From: "Dan Lipkowitz" [lipkowit@midway.uchicago.edu]

Of course, the many people who pointed out that depositing a clutch over an extended period of time is characteristic avian behavior are quite correct, and I'm ashamed that it slipped my mind at the time of my posting. In my own sad defense, I'd like to point out that the find at least calls into question the "egg-laying dance" which Jack Horner and Betty Quinn put on a few years back (I think it was Jack and BQ, at any rate), which demonstrates dropping of all the eggs in a clutch at the same time. Then again, they weren't trying to demonstrate maniraptor behavior (and it was darned amusing to watch, at any rate).

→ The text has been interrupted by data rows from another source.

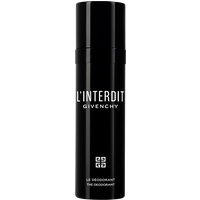 Givenchy L'Interdit The Deodorant von Givenchy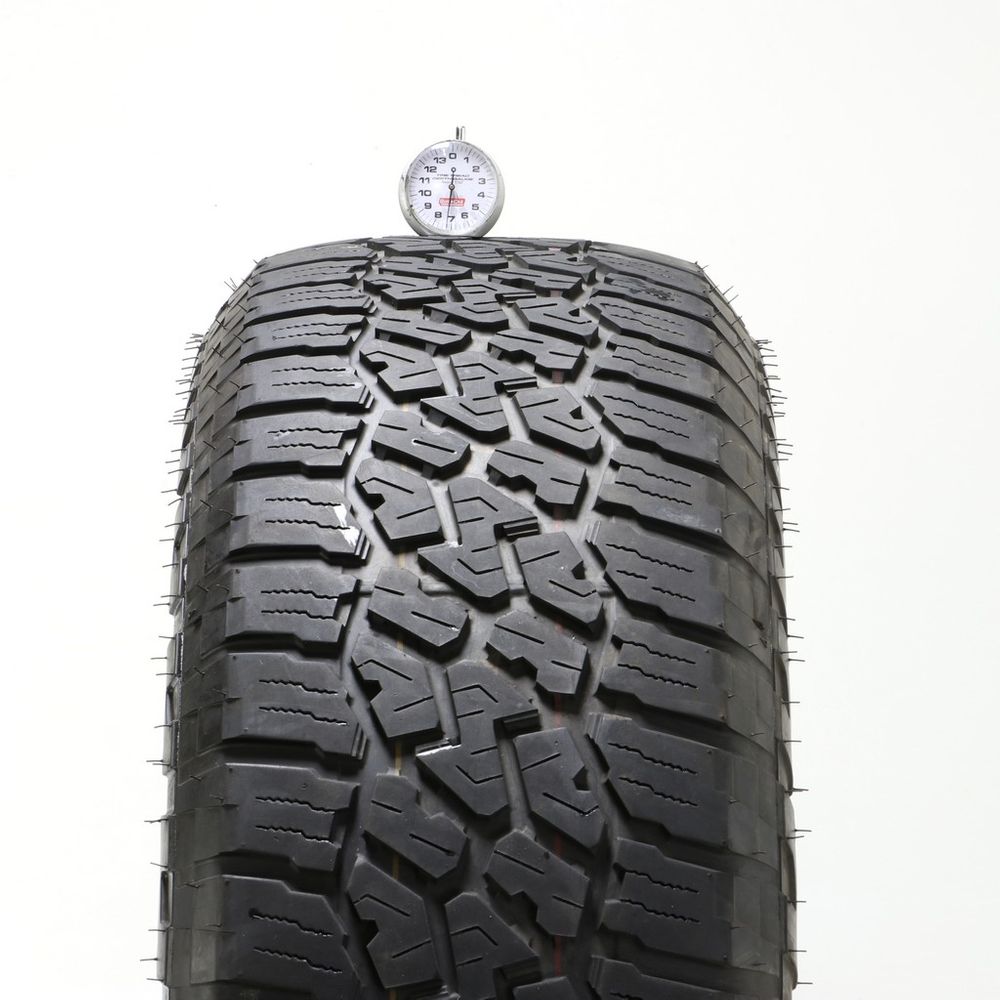 Set of (2) Used 285/65R18 Falken Wildpeak A/T3W 116T - 7-8.5/32 - Image 2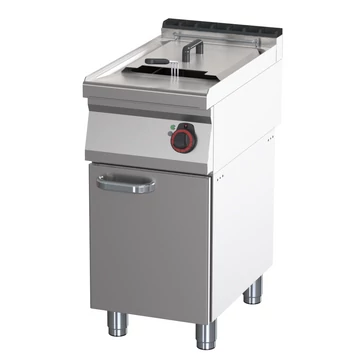 RM Gastro REDFOX FE 70/40 E Álló elektromos fritőz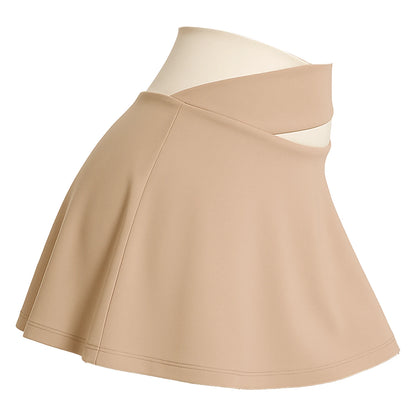 Falda Dryfit Deportiva Cape Mujer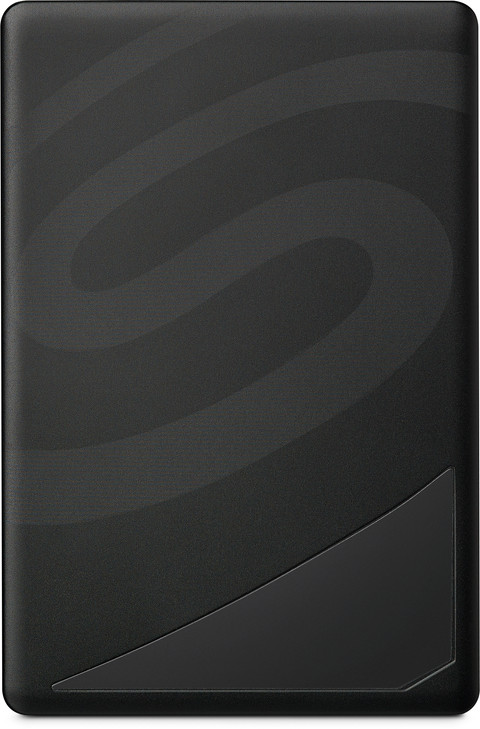 Seagate Game Drive for PS 4 TB null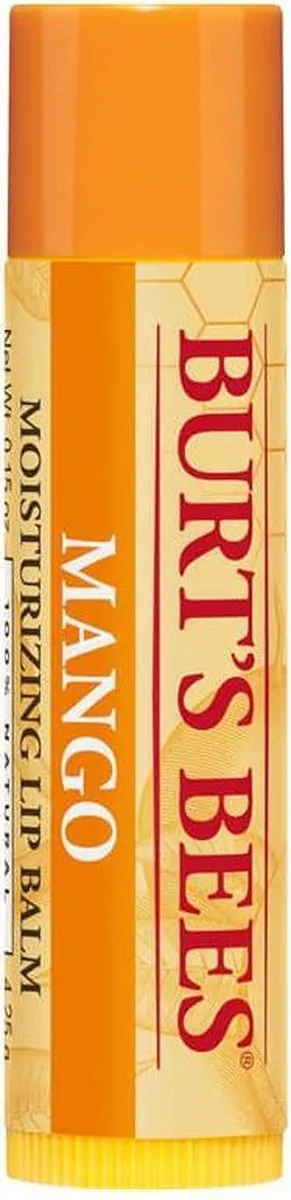 Burt's Bees Lip Balm Mango - 9g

An interesting aspect of the specimen which I don't believe has been discussed so far (I'm not certain whether it was written up in the articles I read, but it was labeled on the mounted display) is that there is a thickening of bone on one of the arms (the right ulna, I think, though I won't swear to it) where the limb was broken and healed. Not a particularly rare discovery, but worthy of mention.


In a message dated 96-01-03 20:54:03 EST, NJusa@aol.com writes:

>Who's to say the Oviraptor wasn't feeding from another's nest?

From: ornstn@inforamp.net (Ronald Orenstein)

Highly unlikely, if its posture is any guide. The fossil is not just at the nest; it is sitting crouched over it with its arms wrapped protectively round the eggs. The posture is so similar to that of a brooding bird that it would be a remarkable coincidence if it were, in fact, predating the eggs instead.


From: Dinogeorge@aol.com

That's one small hole in the "brooding Oviraptor" concept. We know the eggs are Oviraptor eggs because other, identical, eggs contain identifiable Oviraptor embryos. That's how the idea they were Protoceratops eggs was discredited.

I like the idea of Protoceratops feeding on Oviraptor eggs.

Oviraptor might yet be branded an egg-eater. Its jaws contain two weird palatal "teeth" that might have evolved for the purpose of puncturing eggs, like the throat tooth of the egg-eating snake Dasypeltis.